Copy the data exactly, pictures aside.

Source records
____________

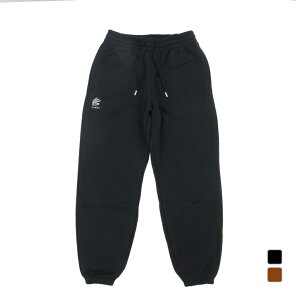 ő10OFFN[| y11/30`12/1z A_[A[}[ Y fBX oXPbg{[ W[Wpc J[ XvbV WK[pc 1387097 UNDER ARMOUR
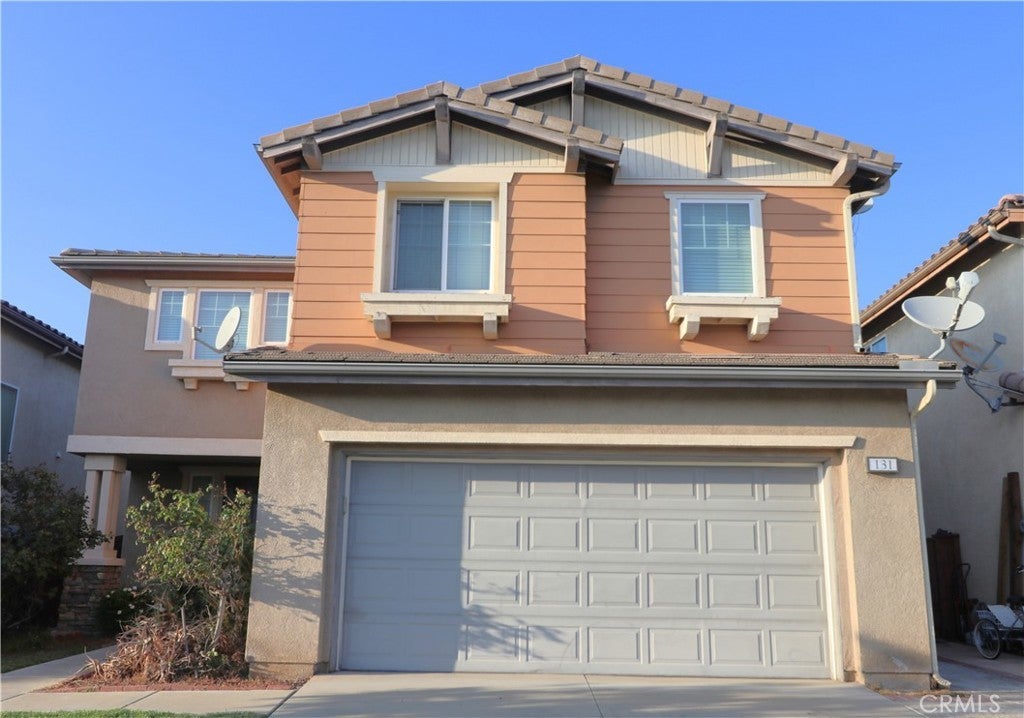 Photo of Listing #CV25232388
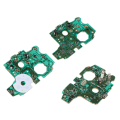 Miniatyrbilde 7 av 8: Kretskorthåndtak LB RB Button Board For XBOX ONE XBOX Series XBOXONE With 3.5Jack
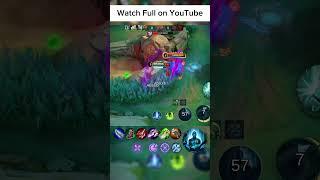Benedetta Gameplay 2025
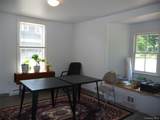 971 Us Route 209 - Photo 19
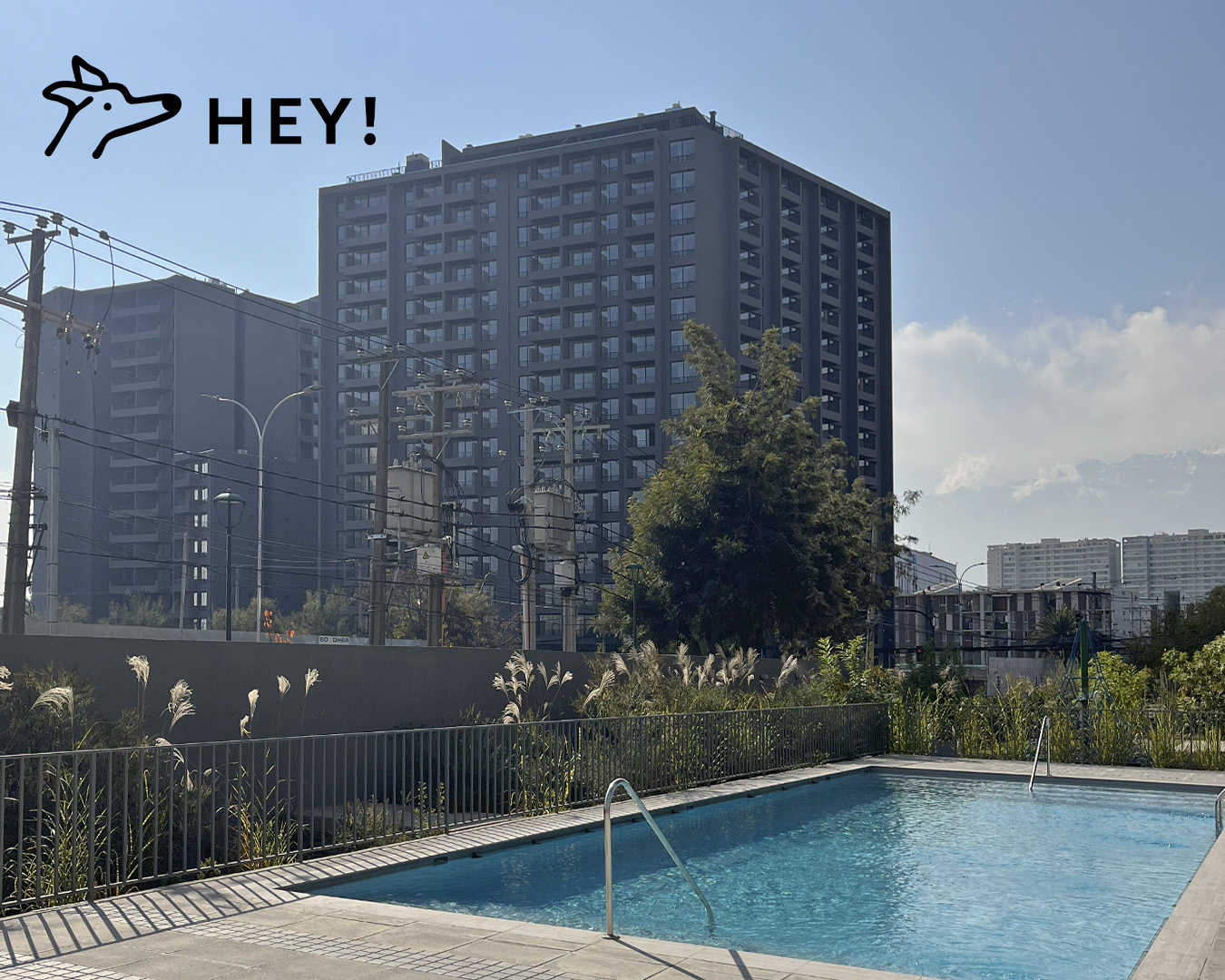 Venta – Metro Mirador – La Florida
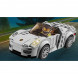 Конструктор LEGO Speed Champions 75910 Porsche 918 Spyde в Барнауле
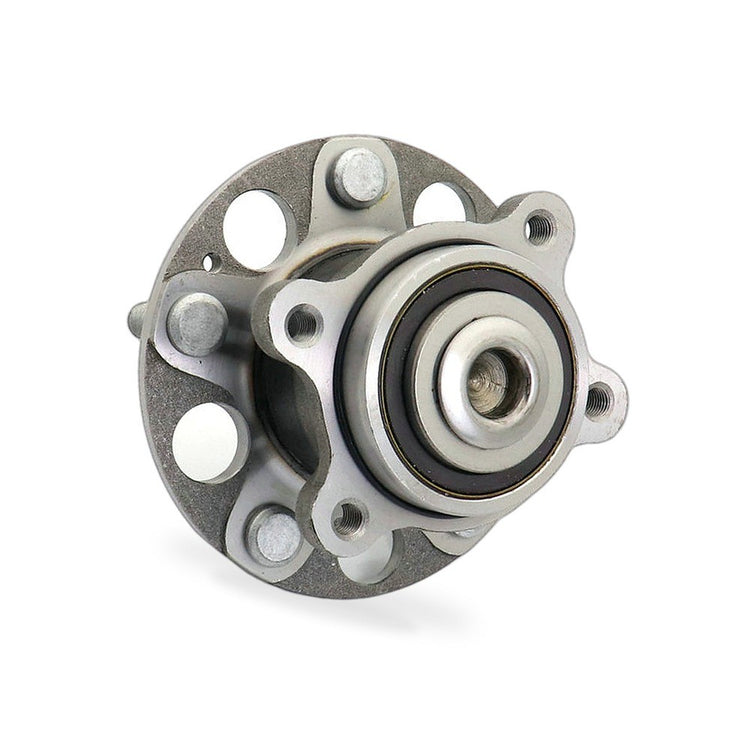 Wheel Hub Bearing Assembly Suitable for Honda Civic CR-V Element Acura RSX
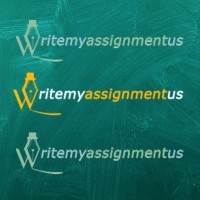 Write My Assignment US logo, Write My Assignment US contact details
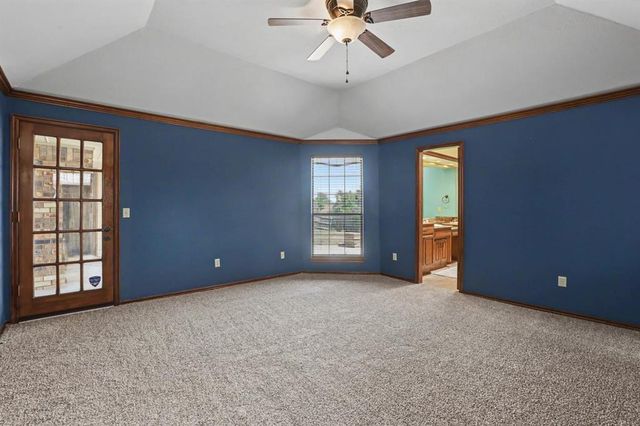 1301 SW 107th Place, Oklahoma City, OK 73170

____________

▸ Solution to the exercise:
 ő10OFFN[| y11/30`12/1z A_[A[}[ Y fBX oXPbg{[ W[Wpc J[ XvbV WK[pc 1387097 UNDER ARMOUR
 Photo of Listing #CV25232388
 Miniatyrbilde 7 av 8: Kretskorthåndtak LB RB Button Board For XBOX ONE XBOX Series XBOXONE With 3.5Jack
Benedetta Gameplay 2025
 971 Us Route 209 - Photo 19
 Venta – Metro Mirador – La Florida
 Конструктор LEGO Speed Champions 75910 Porsche 918 Spyde в Барнауле
 Wheel Hub Bearing Assembly Suitable for Honda Civic CR-V Element Acura RSX
 Write My Assignment US logo, Write My Assignment US contact details
 1301 SW 107th Place, Oklahoma City, OK 73170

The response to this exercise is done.